*What you should do*:
Beginning with the line that includes "Enallagma cyathigerum", return every remaining line of the material exactly as it reads, but not the pictures.

╭─ Source material

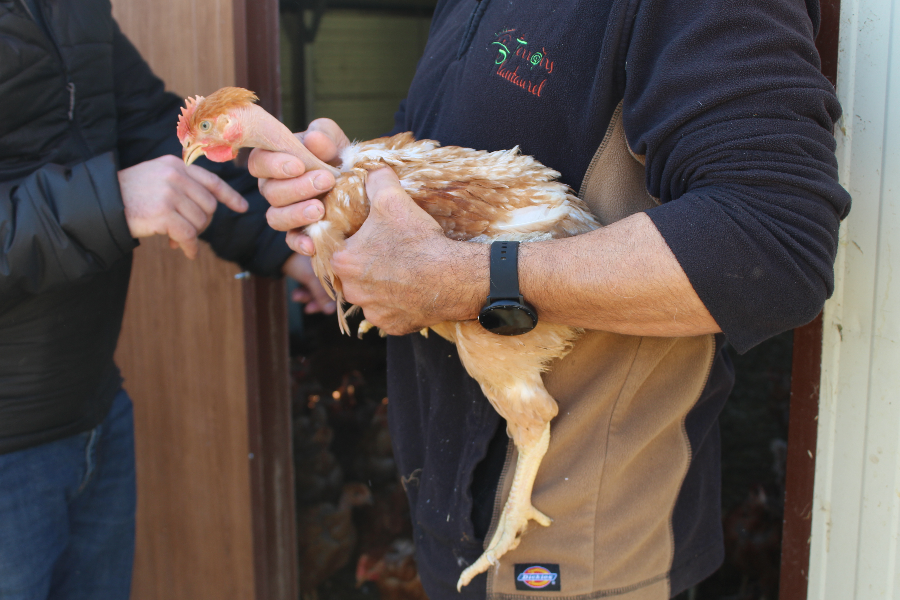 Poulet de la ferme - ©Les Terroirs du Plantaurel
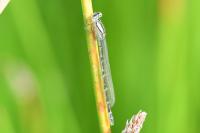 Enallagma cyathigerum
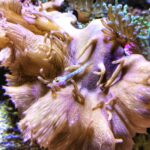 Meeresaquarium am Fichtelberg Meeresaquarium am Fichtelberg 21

╰─

*Answer to this exercise*:
 Enallagma cyathigerum
 Meeresaquarium am Fichtelberg Meeresaquarium am Fichtelberg 21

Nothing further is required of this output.